### What to work on
What needs reproducing is the run of lines in the data below starting at the line with "Infiniti G35 Floor mats" and ending at the line with "ve Stuttgartu. Karolína", both ends included. Copy it exactly, without pictures, and add nothing.

### Source data
########################################

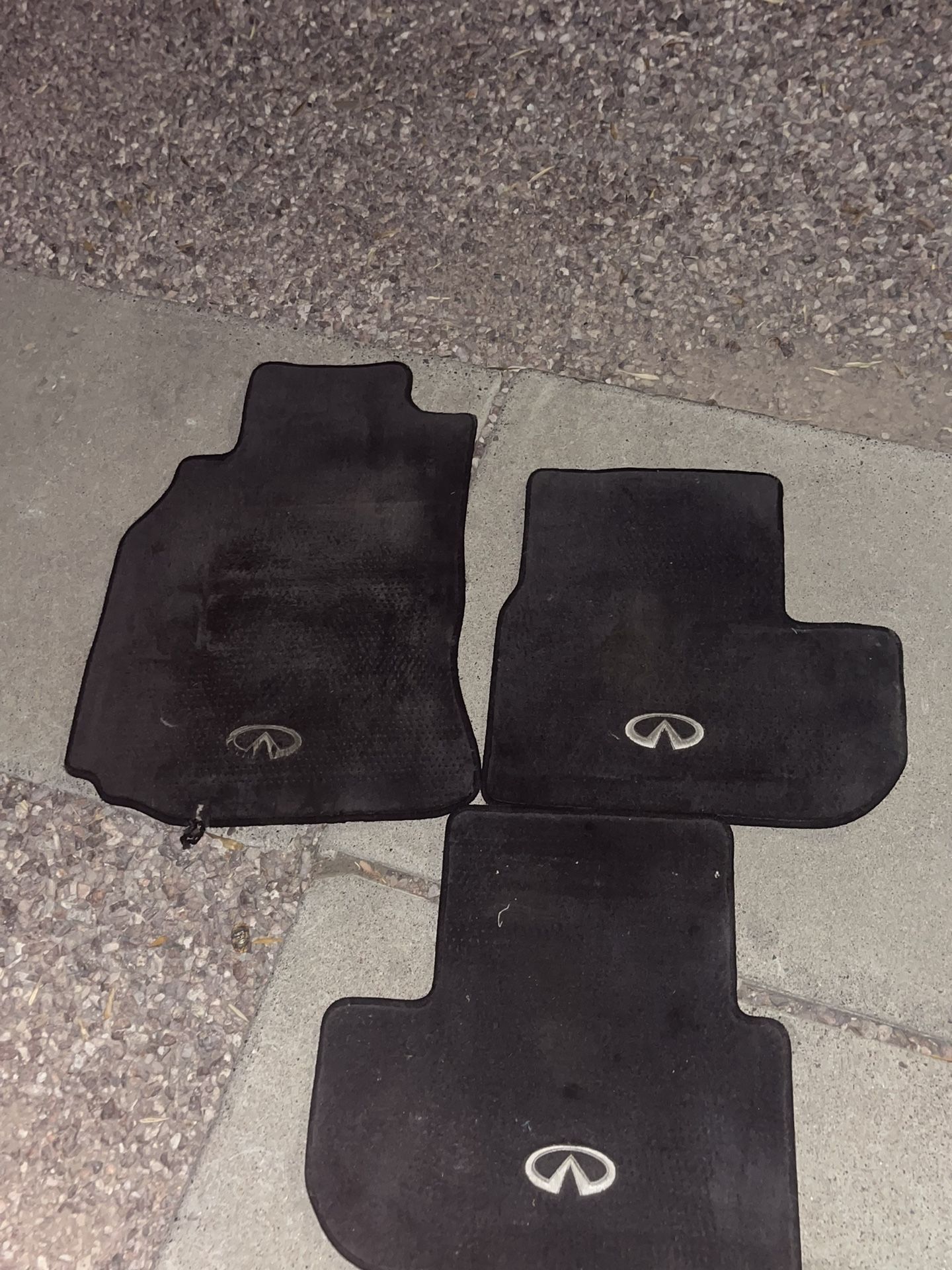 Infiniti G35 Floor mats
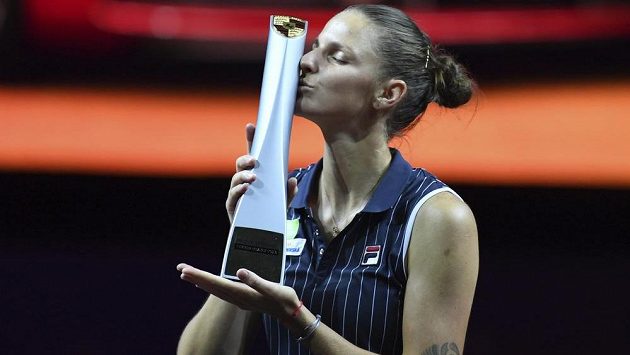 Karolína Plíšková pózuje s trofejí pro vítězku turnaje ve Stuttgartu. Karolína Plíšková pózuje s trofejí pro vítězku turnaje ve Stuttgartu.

########################################

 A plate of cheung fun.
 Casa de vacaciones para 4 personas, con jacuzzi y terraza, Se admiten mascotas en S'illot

########################################

### Response below
 Infiniti G35 Floor mats
 Karolína Plíšková pózuje s trofejí pro vítězku turnaje ve Stuttgartu. Karolína Plíšková pózuje s trofejí pro vítězku turnaje ve Stuttgartu.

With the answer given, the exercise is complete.